Mucho cachondeo con que Maduro decretara la Navidad en octubre pero mi amigo Raúl ya ha tenido la cena de empresa. Con el cierre del año los comerciales están liadísimos y en diciembre “es tarde, viene muy mal” (sic). Hace una semana ya estaban de resaca con la oficina llena de miradas incómodas y sin días libres inminentes para esquivar el sonrojo.

La avanzadilla fueron los turrones. Hace tanto que están que he llegado a dudar que alguna vez los retiraran de los lineales. Como esos bares de barrio que mantienen todo el año aquel poco de espumillón y dos o tres bolas rojas entre la botella de Larios y la de Licor 43. Con mayor rotación, pero parecido efecto, asomaba ya un envoltorio de campanas doradas camuflado entre el resto de chocolates en plena vuelta al cole.

Conozco gente que va por el tercer calendario de adviento. Lo de los turrones no es nada en comparación. Porque el calendario de adviento… es que es de adviento. Y a este paso los niños van a acabar pensando que el adviento es un material, como pensaba yo que era el reglamento de los balones de mi hermano.
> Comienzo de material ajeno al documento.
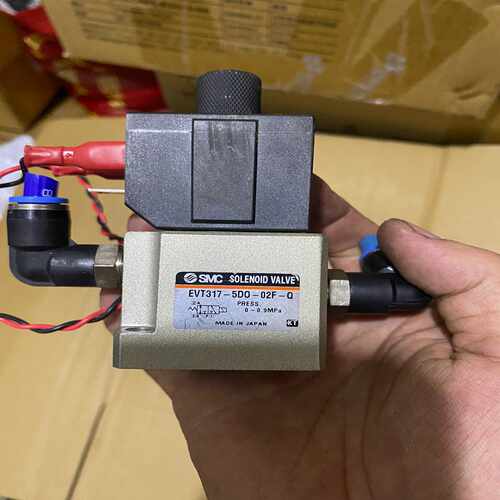 电磁阀 EVT317-5D0-02F-Q ，实图拍摄，~询价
No hablo de religión, tan sólo me pregunto por el respeto a la entidad de las cosas. Es que si yo fuese un calendario de adviento, me ofendería tremendamente ser perforado a lo loco cualquier día de cualquier mes. Numerado del 1 al 25, se le supone un único modo de empleo, una posología concreta y con bastante encanto, además. En el fondo, el encanto que proporciona la liturgia de esperar. Con ese propósito didáctico lo crearon los alemanes en el siglo XIX: como herramienta práctica de paciencia en la cuenta atrás hasta Navidad. Así que pienso en gente abriendo ventanitas a cascoporro, un calendario tras otro, y sólo veo personajes expulsados por Willy Wonka de la Fábrica de chocolate.
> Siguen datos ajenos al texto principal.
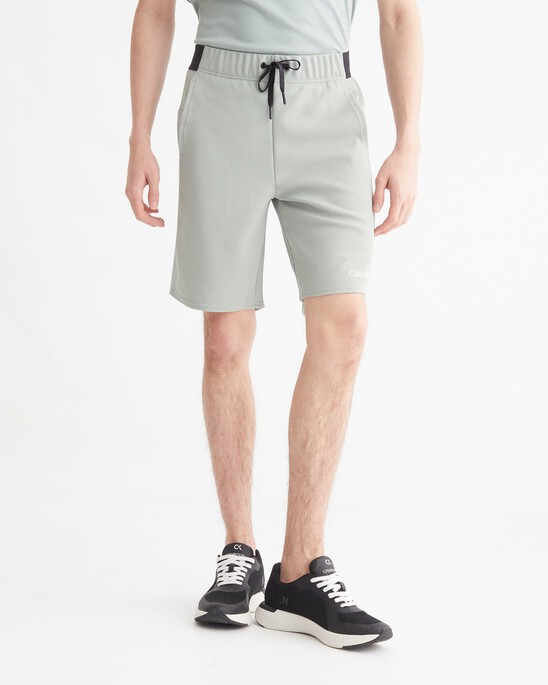 ACTIVE ICON SWEAT SHORTS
El canal de impulso, hasta ahora contenido en la línea de cajas, ha vencido al control de impulsos y amenaza con llegar hasta el pasillo de los detergentes. La tentación se desparrama por el súper. Uno avanza sorteando (o recolectando) polvorones, bombones, panettones y demás familia hasta que se da de bruces con una torre de roscones de Reyes bajo un cartel de Feliz año nuevo. Pura distopía. Llegaremos a Navidad habiéndola vivido ya. Exhaustos. Empachados. Aburridos. Como el personaje de Ennui en Inside Out 2. Dice mi profesor de inglés que si está en un comercio y suena el villancico de Mariah Carey, él suelta lo que lleve y sale corriendo. Da la clave: “antes no me disgustaba pero de tanto oírlo, ya no lo puedo soportar.”

Es lo desmedido lo que acaba por saturar hasta la deformación. Una cuenta rápida como ejemplo: en Vigo encendieron el árbol (con todos sus avíos) el 16 de noviembre, y desde entonces es oficialmente Navidad. Si tiras hasta que pase la cabalgata, te salen dos meses con la movida. En Burgos hay veranos que no duran tanto.

Comprendo los mecanismos que subyacen a esta ansia por estirar cada oportunidad de mercado pero no tengo claro que la escalada sea inocua. Una cosa era desestacionalizar el turismo amontonado en agosto y otra muy distinta es desestacionalizar la Navidad hasta que pierda el sentido. Nos va a pillar todo tan mal de tiempo que en unos años la cabalgata de Reyes retrasmitirá su deportación por haberse resistido hasta el final a adelantar la entrega de los regalos.